Politechnika Warszawska, Akademia Górniczo-Hutnicza i Politechnika Wrocławska znalazły się w czołówce Rankingu Studiów Inżynierskich 2017 Fundacji Edukacyjnej Perspektywy.
Fundacja, która co roku podaje zestawienie najlepszych szkół wyższych, po raz pierwszy wzięła pod lupę 21 kierunków technicznych, sprawdzając, gdzie najlepiej je studiować. Oceniając, brała pod uwagę losy absolwentów na rynku pracy, liczbę publikacji naukowych przygotowanych przez dany wydział oraz liczbę zgłoszonych przez niego patentów.
Przy ocenie uczelni zastosowano nowatorskie narzędzie weryfikacji ich wartości pod nazwą „ekonomiczne losy absolwentów (ELA)”. To kryterium, które jest mierzone tym, jak szybko znajdują zatrudnienie po studiach, jak wysokie osiągają zarobki oraz czy dotyka ich ryzyko bezrobocia. Powstało na bazie analiz Ministerstwa Nauki i Szkolnictwa Wyższego z wykorzystaniem danych ZUS.

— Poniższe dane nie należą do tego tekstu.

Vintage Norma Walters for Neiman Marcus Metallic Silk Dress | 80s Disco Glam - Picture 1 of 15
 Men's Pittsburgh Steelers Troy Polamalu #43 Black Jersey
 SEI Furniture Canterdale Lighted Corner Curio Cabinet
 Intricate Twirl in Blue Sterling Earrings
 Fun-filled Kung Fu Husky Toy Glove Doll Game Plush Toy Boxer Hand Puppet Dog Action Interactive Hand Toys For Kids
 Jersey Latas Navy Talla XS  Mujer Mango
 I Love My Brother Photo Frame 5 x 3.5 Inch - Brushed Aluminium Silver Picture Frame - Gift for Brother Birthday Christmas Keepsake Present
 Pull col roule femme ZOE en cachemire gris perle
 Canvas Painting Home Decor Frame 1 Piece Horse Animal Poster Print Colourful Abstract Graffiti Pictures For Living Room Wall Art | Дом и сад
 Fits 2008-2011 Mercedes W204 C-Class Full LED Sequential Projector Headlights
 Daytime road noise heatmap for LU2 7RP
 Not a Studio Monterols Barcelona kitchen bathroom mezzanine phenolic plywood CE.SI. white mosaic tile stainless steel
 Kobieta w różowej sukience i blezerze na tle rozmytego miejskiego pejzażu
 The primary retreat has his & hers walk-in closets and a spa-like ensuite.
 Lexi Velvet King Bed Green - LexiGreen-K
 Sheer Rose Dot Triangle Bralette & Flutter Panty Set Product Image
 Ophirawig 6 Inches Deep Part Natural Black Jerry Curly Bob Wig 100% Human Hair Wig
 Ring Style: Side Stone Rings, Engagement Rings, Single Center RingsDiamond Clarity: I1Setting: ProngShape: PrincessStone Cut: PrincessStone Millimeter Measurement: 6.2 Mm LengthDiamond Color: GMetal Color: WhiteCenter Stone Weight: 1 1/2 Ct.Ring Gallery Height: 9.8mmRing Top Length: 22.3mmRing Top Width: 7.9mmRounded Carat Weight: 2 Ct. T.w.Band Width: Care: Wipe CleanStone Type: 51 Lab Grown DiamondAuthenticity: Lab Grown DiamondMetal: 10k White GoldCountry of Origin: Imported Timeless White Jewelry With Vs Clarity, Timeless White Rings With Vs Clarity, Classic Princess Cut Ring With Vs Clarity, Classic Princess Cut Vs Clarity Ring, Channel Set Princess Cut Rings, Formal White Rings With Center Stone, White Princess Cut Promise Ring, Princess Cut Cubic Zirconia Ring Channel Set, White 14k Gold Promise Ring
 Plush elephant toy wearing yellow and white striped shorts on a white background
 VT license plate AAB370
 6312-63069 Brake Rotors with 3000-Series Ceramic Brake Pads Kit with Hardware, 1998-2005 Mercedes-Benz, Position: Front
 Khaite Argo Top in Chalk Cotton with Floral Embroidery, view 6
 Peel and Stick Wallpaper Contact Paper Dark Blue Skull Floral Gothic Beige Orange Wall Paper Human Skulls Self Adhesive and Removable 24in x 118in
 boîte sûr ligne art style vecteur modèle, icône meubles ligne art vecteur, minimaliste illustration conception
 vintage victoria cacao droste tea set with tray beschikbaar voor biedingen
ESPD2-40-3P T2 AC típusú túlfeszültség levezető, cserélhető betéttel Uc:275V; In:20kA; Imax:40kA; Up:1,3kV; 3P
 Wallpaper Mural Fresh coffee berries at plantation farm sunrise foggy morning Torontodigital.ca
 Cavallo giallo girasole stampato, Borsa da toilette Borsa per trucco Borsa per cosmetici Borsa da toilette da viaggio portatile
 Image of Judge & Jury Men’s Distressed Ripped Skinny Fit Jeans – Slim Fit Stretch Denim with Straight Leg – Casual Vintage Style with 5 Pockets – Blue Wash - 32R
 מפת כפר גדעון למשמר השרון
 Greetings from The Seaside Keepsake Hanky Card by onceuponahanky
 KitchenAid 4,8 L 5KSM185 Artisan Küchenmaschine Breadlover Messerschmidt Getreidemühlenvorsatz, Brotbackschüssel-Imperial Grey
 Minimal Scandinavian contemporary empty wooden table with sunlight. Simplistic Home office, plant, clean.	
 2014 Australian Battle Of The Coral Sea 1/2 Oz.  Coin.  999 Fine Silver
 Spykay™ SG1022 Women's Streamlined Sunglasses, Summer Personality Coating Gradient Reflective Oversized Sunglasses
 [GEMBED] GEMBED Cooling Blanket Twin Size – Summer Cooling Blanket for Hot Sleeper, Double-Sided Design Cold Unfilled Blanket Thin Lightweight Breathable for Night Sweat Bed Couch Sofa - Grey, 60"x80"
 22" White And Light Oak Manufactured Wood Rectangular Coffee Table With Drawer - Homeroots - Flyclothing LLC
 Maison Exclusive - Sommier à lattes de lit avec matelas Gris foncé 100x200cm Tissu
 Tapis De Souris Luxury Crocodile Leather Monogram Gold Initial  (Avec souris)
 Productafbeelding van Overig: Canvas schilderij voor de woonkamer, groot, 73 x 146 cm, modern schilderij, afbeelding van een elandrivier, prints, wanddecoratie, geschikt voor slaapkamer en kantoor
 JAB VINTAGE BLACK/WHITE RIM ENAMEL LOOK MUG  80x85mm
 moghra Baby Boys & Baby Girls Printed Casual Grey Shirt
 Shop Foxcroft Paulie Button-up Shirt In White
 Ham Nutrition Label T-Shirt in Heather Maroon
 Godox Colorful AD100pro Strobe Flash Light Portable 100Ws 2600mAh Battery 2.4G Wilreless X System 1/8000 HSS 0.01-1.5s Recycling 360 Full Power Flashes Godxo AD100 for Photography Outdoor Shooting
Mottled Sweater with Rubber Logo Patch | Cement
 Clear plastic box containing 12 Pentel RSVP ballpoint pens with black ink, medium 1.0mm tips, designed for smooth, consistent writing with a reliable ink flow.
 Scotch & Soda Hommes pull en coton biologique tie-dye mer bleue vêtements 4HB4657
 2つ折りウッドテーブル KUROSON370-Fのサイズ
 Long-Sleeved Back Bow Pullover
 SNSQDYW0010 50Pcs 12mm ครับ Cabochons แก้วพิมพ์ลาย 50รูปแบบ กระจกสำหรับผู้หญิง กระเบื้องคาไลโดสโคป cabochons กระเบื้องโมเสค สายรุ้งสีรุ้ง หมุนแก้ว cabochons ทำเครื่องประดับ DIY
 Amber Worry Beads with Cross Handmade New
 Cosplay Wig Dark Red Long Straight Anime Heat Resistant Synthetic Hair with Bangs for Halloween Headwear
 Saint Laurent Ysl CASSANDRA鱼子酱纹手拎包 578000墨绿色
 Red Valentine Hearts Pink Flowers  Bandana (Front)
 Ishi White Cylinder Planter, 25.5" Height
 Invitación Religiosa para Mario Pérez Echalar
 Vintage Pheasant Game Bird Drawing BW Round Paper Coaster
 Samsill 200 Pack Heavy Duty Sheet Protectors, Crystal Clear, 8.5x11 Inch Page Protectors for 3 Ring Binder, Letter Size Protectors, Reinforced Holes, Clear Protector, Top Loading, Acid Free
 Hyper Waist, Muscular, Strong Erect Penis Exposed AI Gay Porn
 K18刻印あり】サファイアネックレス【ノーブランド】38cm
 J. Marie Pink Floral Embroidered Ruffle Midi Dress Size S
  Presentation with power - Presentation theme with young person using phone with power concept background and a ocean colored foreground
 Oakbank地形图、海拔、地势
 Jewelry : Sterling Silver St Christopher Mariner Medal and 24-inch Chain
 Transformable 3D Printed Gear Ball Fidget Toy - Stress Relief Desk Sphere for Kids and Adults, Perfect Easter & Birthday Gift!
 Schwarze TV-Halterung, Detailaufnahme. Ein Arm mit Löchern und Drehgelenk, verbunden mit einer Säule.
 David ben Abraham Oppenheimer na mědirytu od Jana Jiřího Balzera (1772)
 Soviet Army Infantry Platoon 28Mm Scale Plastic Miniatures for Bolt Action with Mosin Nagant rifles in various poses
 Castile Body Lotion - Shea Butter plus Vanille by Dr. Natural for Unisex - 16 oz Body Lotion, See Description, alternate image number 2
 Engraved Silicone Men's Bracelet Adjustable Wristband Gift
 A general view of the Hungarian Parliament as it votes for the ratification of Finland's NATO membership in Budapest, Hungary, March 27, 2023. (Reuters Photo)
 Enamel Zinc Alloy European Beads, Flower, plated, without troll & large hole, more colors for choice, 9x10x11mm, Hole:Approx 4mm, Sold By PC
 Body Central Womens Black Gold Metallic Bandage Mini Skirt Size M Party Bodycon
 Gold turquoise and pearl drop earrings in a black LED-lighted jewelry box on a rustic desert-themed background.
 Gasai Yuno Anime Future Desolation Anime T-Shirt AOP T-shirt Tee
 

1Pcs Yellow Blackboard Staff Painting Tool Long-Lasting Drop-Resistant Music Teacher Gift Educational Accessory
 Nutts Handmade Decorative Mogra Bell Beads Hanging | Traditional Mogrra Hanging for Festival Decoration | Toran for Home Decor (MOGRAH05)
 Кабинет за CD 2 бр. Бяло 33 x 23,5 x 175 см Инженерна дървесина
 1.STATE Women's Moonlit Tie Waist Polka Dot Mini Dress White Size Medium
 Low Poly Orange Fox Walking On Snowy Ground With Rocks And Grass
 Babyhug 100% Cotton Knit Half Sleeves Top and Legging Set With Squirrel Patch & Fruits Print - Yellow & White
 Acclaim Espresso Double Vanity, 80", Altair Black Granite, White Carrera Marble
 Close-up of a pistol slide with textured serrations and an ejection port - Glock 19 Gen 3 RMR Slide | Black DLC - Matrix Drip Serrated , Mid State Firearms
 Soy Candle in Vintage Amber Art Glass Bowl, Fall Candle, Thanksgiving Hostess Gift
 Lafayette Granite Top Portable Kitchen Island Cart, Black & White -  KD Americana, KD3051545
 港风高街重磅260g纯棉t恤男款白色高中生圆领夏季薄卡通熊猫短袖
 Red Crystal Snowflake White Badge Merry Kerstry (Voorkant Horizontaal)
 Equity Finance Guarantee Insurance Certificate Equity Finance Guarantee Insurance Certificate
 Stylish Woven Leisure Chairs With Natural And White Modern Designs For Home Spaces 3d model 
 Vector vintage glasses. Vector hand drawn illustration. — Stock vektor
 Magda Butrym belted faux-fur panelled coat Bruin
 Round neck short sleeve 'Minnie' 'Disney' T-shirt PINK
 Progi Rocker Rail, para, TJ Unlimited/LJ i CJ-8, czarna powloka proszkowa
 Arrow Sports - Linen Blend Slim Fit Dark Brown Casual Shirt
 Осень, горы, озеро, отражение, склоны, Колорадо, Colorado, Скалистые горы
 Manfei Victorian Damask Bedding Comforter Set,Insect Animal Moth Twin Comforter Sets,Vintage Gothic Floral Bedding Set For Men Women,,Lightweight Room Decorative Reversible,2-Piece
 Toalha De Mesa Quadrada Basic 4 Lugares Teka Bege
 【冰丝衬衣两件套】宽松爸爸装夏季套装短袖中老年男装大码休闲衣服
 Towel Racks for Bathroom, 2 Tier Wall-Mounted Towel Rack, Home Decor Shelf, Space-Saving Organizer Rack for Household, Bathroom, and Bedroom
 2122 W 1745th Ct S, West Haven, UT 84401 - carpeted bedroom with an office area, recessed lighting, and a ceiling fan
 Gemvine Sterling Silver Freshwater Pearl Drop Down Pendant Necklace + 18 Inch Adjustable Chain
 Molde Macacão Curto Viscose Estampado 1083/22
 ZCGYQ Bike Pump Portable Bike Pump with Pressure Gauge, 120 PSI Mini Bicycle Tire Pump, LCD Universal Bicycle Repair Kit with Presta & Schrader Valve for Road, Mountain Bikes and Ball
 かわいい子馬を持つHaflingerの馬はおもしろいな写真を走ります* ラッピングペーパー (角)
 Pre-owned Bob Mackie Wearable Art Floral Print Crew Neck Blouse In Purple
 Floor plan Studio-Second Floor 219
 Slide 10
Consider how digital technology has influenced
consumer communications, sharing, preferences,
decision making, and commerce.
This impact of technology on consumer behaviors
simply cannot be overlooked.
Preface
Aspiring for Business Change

O zdanie zapytano też przedsiębiorców. Dla nich startowa pozycja absolwentów na rynku pracy zależy nie tyle od kierunku, ile od uczelni, na której studia zostały podjęte i ukończone. Potwierdzają to analizy MNiSW. Z ELA wynika, że ponad 90 proc. absolwentów informatyki, którzy skończyli studia na AGH, znalazło zatrudnienie. Dodatkowo większość szukała pracy krócej niż miesiąc, a ich średnie wynagrodzenie w pierwszym roku wyniosło 6,5 tys. zł.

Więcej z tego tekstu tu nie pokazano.